Another reason Obama’s evolution matters
May 10th, 2012
Ten years ago, objection to same-sex marriage was – for most people – genuine. It may have generated from nothing other than unfamiliarity, mild prejudice, or just confusion, but for the most part it was not contrived or cynical or pandering.
Change is difficult and humans seem to have a blind instinct to defend “how things are supposed to be”. Considering that friends can have red-in-the-face, top of your lungs “discussions” about whether landing on “Free Parking” is supposed to pay out the money collected from “Chance” cards in Monopoly, it should be no surprise that decent people objected to changing what marriage “is supposed to be”.
But that was ten years ago. And despite the blustering of the professionally indignant defenders of (their own) religious freedom, the horizon is clear and the future is no mystery. Equality is coming, not on little cats feet like the fog, but galloping at breakneck speed. And there’s a good reason why.

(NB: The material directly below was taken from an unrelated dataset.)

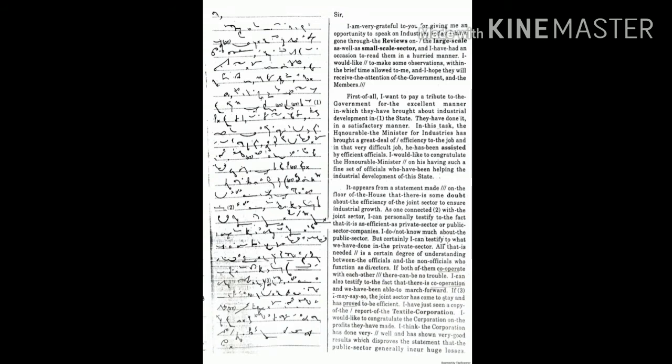I can also testify to the fact that there is cooperation and we have been able to march forward. If I may say so, the joint sector has come to stay and is proud to be efficient. I have just seen a copy of the report of the textile corporation.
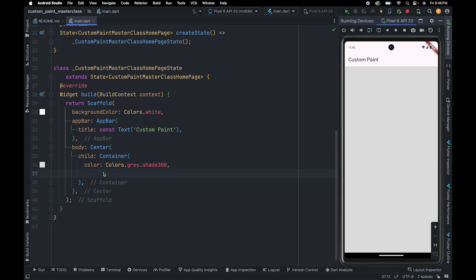Before we use CustomPaint, we should first understand what is the use of custom paint. Suppose you have joined a painting institute to learn painting. To paint what you have in your mind, you need to first have a canvas, also you need to have painting colors and a painter.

Gay marriage was new. And odd. And a contradiction to what the terms were understood to be. It was like chocolate cereal or raw fish or women wearing slacks or smart phones. It just took getting used to.
But once the “new” wares off, real objections have to be considered. I won’t eat coco-puffs, but sushi isn’t so bad and after years of dragging my feet, I finally discovered that I can’t live without an iPhone.

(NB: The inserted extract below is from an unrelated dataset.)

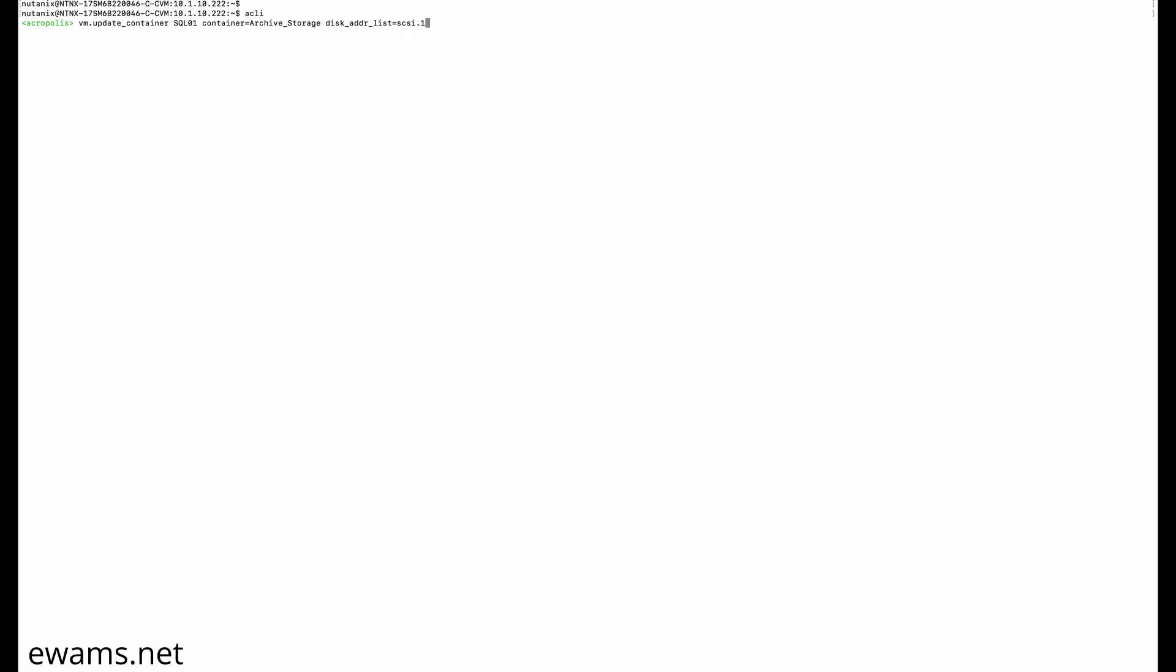Then we input this command: vm.update_container, then VM name, then the target container that you want to move the virtual disk to. For me, it's container equals archive_storage.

And, as we all know, there aren’t many valid objections to same-sex marriage. Either you believe that the instinctive fears about drastically changing society have merit (that we just haven’t yet discovered) or you don’t. And as more people came to know gay folks, these concerns seem less likely.

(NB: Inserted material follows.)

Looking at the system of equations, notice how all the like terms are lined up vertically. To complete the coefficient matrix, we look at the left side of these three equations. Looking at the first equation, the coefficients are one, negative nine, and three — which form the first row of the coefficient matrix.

Which brings me to my point: Mitt Romney doesn’t believe that letting gay people marry will harm society – or certainly not more than other things he puts up with. And he is fully aware that his views harm gay people and are unfair, unconstitutional, and a violation of the American ideal. He knows that. Other than a few truly insane people (Hello, Lew), they all do. They just don’t think that hedonistic sinners who defy God and social convention should have any claim on fairness, constitutionality, and the American ideal.
And furthermore, they know that the American public has little tolerance right now for blatant homophobia (other than, perhaps, in North Carolina). While ten years ago it might have been acceptable to laugh at the homos playing house, now that doesn’t fly. And the truth probably is that a huge chunk of politicians who vote against the American principles of equality couldn’t care less if gay people marry. They are just selling a product and pandering to a (rapidly shrinking) base.
But until yesterday, those who oppose equality had the perfect out. They didn’t have to look bad. They didn’t have to seem unreasonable. They didn’t have to appear to be motivated by less-than-admirable prejudices.
They could just say (and I know you all are as sick of hearing it as I am), “I don’t think people should be stopped from visiting loved ones in the hospital, but I don’t support gay marriage. My position is the same as President Obama’s.”
Not any more, it isn’t, Bubba. Not any more.